Baerbock im Wahlkampfmodus
Delegierte stärken Kanzlerkandidatin – Radikale Anträge der Jugend fallen durch
BERLIN - Wie angespannt Annalena Baerbock bei einem ihrer wichtigsten Auftritte war, zeigte sich wenige Sekunden nach dem Ende ihrer Rede auf dem Bundesparteitag. Die Grüne Parteichefin trat vom Podium und, als Co-Vorsitzender Robert Habeck sie abholte, entfleuchte ihr ein: „Scheiße“. Damit meinte sie einen Versprecher gegen Ende ihrer Rede. Doch verstolpert hatte sich die Kanzlerkandidatin vor allem in den Wochen zuvor.
Wegen Fehlern im Lebenslauf und Nachmeldungen von Boni war Baerbock in die Kritik geraten. Die politische Konkurrenz sprach von einem Absturz. Deshalb war Baerbocks Rede mit Spannung erwartet worden. Sie war der Höhepunkt des Parteitagswochenendes, bei dem die Delegierten Baerbock mit 98,5 Prozent als Kanzlerkandidatin bestätigten und das Wahlprogramm verabschiedeten. Mit Entschuldigungen für die Patzer hielt sich Baerbock nicht lange auf. Sie schaltete in den Kampfmodus und erhob den Anspruch aufs Kanzleramt.
Den Ton hatte bereits Bundesgeschäftsführer Michael Kellner gesetzt: „Wir haben die Chance, die Union vom Thron zu stoßen.“In Richtung Baerbock sagte er: „Ich bin sehr froh, dich als Kanzlerkandidatin zu haben.“Daraufhin brandete der Applaus von 100 Neumitgliedern auf.
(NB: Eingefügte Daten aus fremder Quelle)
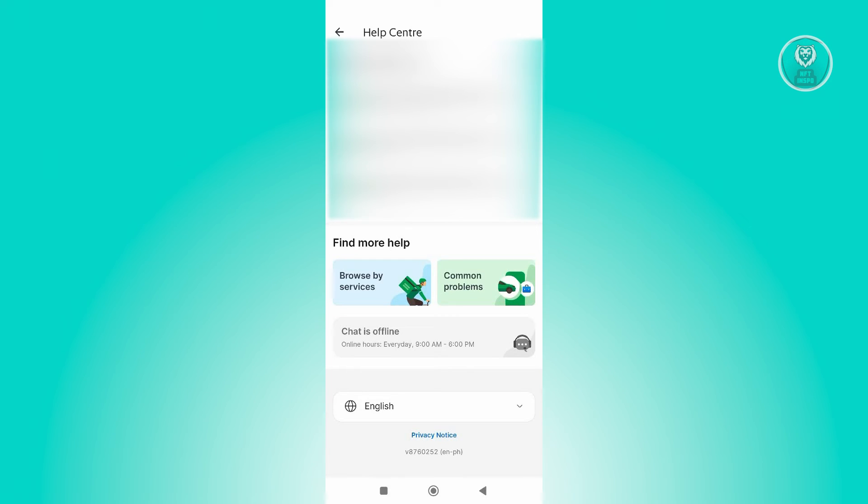In this section, you need to wait for the chat option to be enabled. Typically it's going to be available from 9 a.m. to 6 p.m. Just wait for it to be available.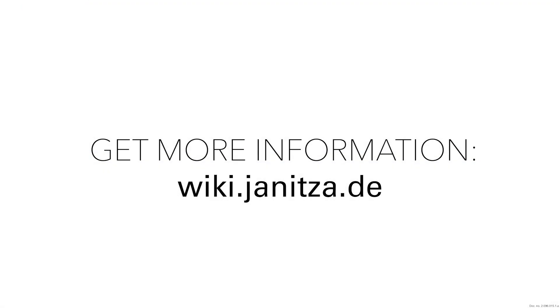Thank you for your interest in this tutorial. For more information, please visit wiki.janica.de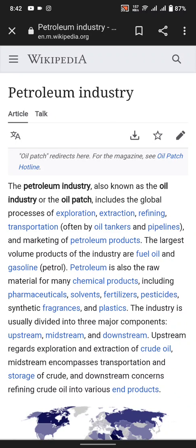Hello guys, I hope all of you are fine and enjoying good health. Today our topic is about the petroleum industry. The petroleum industry, also known as the oil industry or the oil patch, includes the global processes of extraction, refining, transfer of crude oil by tankers and pipelines, and marketing of petroleum products.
Baerbock zögerte einen Moment, dann lächelte sie und verbeugte sich schließlich. Souverän wirkte das nicht.
Noch nie war die Chance aufs Kanzleramt so groß. Doch sie kann schnell verfliegen. Derzeit stehen die Grünen bei 20 Prozent und wurden von der Union in den Umfragen jüngst überholt. Damit es mit dem machtpolitischen Wechsel klappt, müssen sie Baerbocks Glaubwürdigkeit wiederherstellen und sie brauchen mehr Zustimmung außerhalb der Stammwählerschaft. So versuchte Baerbock, bei „allen in unserem Land“für ihre Inhalte zu werben. „Pendler, Handwerker, Stahlarbeiter“sollen mitgenommen werden beim klimapolitischen Umbau – und der soll sozial gerecht ausgestaltet werden.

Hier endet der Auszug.